A
suggestion by NYT writer Tom Friedman that it is better to give bailout cash to sunrise rather than sunset industries and thus to Silicon Valley et al, was pooh poohed in Techmeme yesterday. The interesting question to me is why. Friedman:
G.M. has become a giant wealth- destruction machine — possibly the biggest in history — and it is time that it and Chrysler were put into bankruptcy so they can truly start over under new management with new labor agreements and new visions. When it comes to helping companies, precious public money should focus on start-ups, not bailouts.
You want to spend $20 billion of taxpayer money creating jobs? Fine. Call up the top 20 venture capital firms in America, which are short of cash today because their partners — university endowments and pension funds — are tapped out, and make them this offer: The U.S. Treasury will give you each up to $1 billion to fund the best venture capital ideas that have come your way. If they go bust, we all lose. If any of them turns out to be the next Microsoft or Intel, taxpayers will give you 20 percent of the investors’ upside and keep 80 percent for themselves.
This
drew ire from Silicon Alley's Fred Wilson:
But the venture capital business, thankfully, does not need any more capital. It's got too much money in it, not too little. Just ask the limited partners who have been overfunding the venture capital business for the past 15-20 years what they think. You don't even need to ask them. They are taking money out of the sector because the returns have been weak.
And the top 20 firms in the venture capital business are the least in need of a bailout of any group I've ever thought about. These firms, the Sequoias and Benchmarks and Accels and Kleiner Perkins etc etc can raise a fund anytime they want. Accel raised a ton of money last fall in the midst of the worst global financial meltdown in my lifetime.
He continues with the view that its the crap VCs that wll take the money, and instead it should be used as way of stimulating the Angel sector:
The worst firms, on the other hand, will gladly accept government money. And that is what is going to happen with all of these government efforts to pour more money into the "innovation sector". That money will go to bad investors and weak entrepreneurs and management teams for the most part. It's a problem of adverse selection.
If you take a look at all of the economically targeted investment programs that have been built and managed over the past twenty years in the venture capital industry, you'll see this plain and clearly.
There are some good ideas out there. My friend Brad Feld told me about a new legislative effort in Colorado to give angel investors a 50% tax credit for making investments in early stage companies. That makes better sense to me. Let the market work but lubricate it a bit with tax credits, particularly for the angel sector which has been the most hurt in this downturn.

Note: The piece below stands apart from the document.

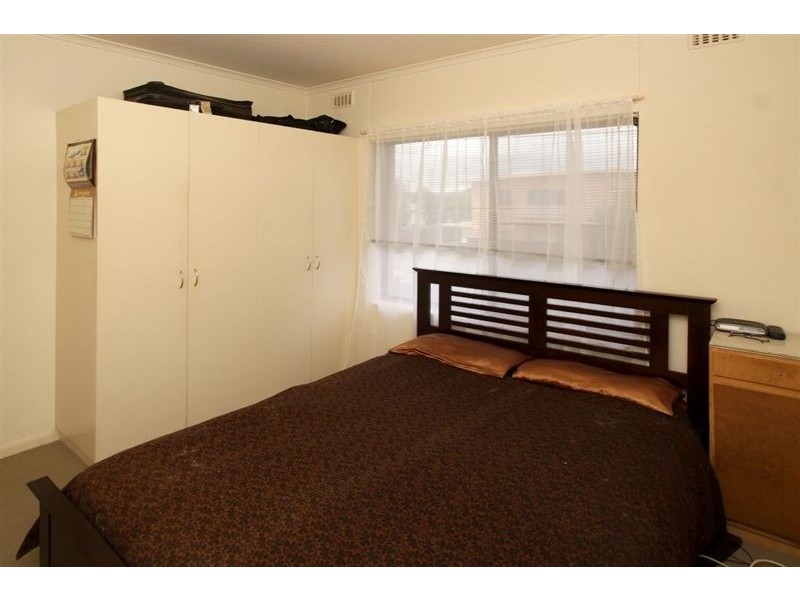 6/26 Clifton Street, Camden Park SA 5038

I'd second the need to get the Angel sector back in the saddle. Anyway, adding froth to Fred's Latte day saintliness
comes Sarah Lacy:
What’s more, there was never a shakeout in venture firms after the year 2000 crash—it’s only now working its way through the system. So the firms that may be finding themselves short of cash? Those are our own version of the “loser” firms – to borrow Friedman’s phrase—that should be shaken out of the venture economy. Not only do the top 20 venture firms have plenty of money, the top 100 firms could find a way to raise more capital if they needed to. But odds are they don’t, because funds work in multi-year cycles, and not everyone is forced to fundraise in 2009.

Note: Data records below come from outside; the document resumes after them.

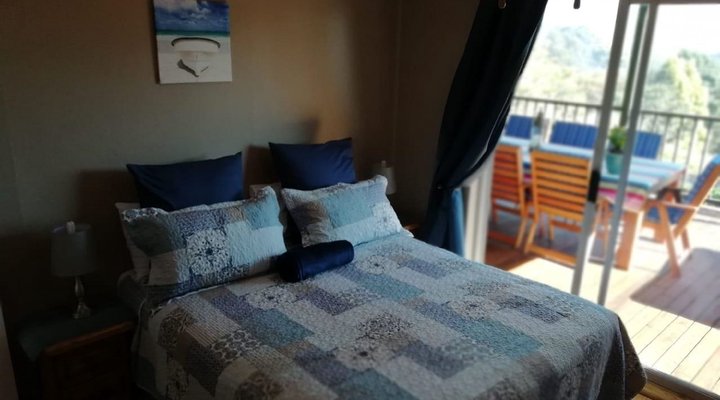 Wonder View Guest House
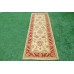 Oriental rug Ziegler Exclusive
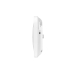 Access point HPE S1T18A White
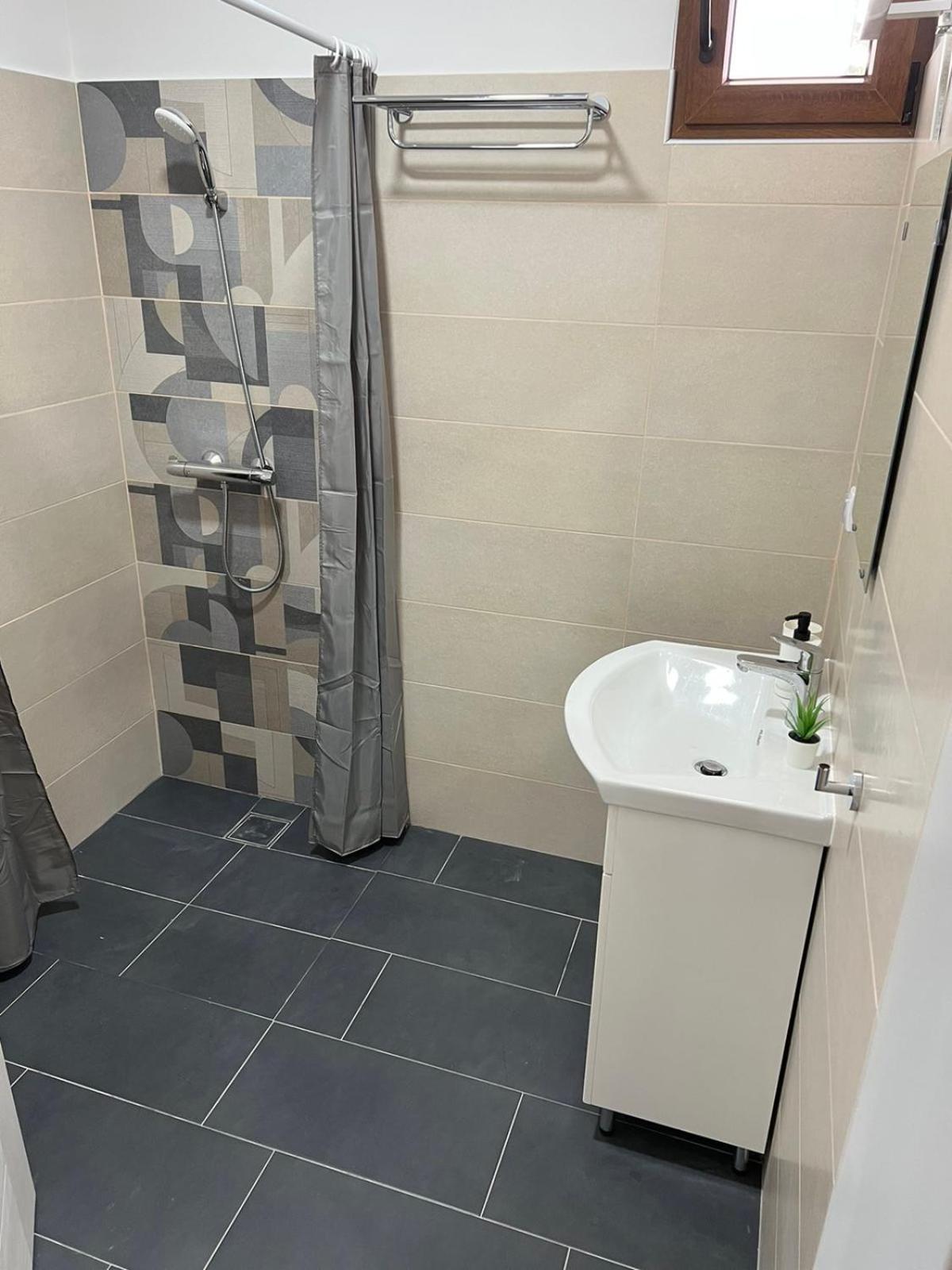 Apartmani M view 5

In short: The core assumption to Friedman’s argument just isn’t reality. And call me crazy, but if you are throwing my tax dollars after an industry, shouldn’t the so-called “need” be based on– oh, I don’t know– an economic reality?
Leaving aside just who is calling whom on "economic reality" here, methinks this article is indirectly pointing to the real issue behind the reluctance - government money coming in would break the cosy world, in 2 ways:
- Firstly, VC's make money by rejecting a whole bunch of startups that don't meet their criteria but are still perfectly viable businesses. Government money would let many more of those see the light of day........and thus reduce the value of their own bets by introducing more competition
- Also, we suspect the "top 20" et al are very pleased by the thought of the weaker ones going to the wall....last thing they want is more VC competition in a downturn
A possibly valid argument that the industry could make is that there are just not enough good ideas to back - but as neither of the above authors make the point, I suspect the VC industry is probably aware that there are far more backable companies to invest in than they do back, but that would of course reduce the potential multiples on their backed ones.
Nonetheless, its still probably a bad idea to "bail in" VC's, as they are probably using the wrong models and as pointed out above, such programmes do not have a great history. As Fred suggested, co-investing or subsidising - ie risk sharing - at the Angel "next level" down is possibly a more useful way to stimulate innovation and employment.
Update - I see Don Dodge has
had some similar thoughts to mine.
Update 2 - it would see, according to PE Hub, that those top 20 VC's may
not be that well sorted after all - which makes Mr Wilson & Ms Lacy's calls even more interesting...
Update 3 - surprisingly for SAI they
indulge in cr*ponomics, arguing that because most small companies bomb, there is no point investing in the sector overall. In that case, one wonders how the VC's afford their mansions, Mercedes and mistresses

Also, it is well known that nothing produces jobs per $ like small companies.